Giovanni Paolo II e i detenuti: "Ho l'audacia di dirvi che potete sperare"
Roberta Barbi – Città del Vaticano
Che il carcere non dovesse essere un luogo di diseducazione, di ozio e quindi in definitiva di vizio, bensì di riabilitazione e resurrezione, Giovanni Paolo II ce l’aveva molto chiaro e l’ha comunicato al mondo con ben 33 interventi su questo tema, oltre a esprimere la propria vicinanza ai detenuti con gesti concreti, come quello di andare a trovarli di persona fin nelle loro celle.

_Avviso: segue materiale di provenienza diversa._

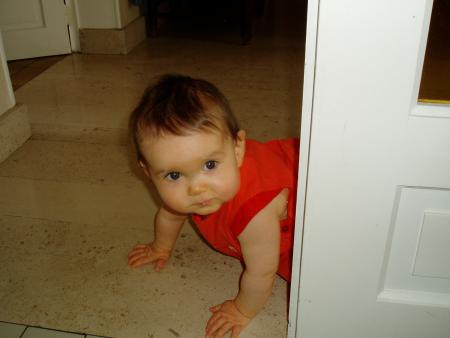 Priorit� � droite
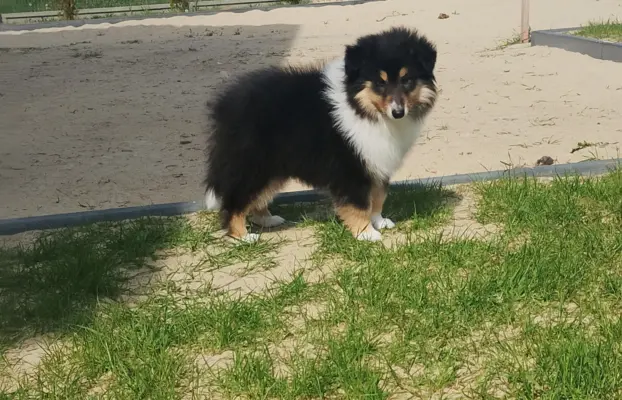 Owczarek szkocki collie długowłosy 1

Uno dei suoi discorsi di più vasta eco sull'argomento - il messaggio per il Giubileo nelle carceri durante il Grande Giubileo del Duemila - conteneva un incoraggiamento ai governanti a “intraprendere revisioni del sistema carcerario per adeguarlo maggiormente alle esigenze della persona umana” e a un maggior ricorso alle pene non detentive, ma soprattutto un appello a un “segno di clemenza” da tradurre in una riduzione, seppur modesta, della pena.
“Cristo cerca l’incontro con ogni essere umano”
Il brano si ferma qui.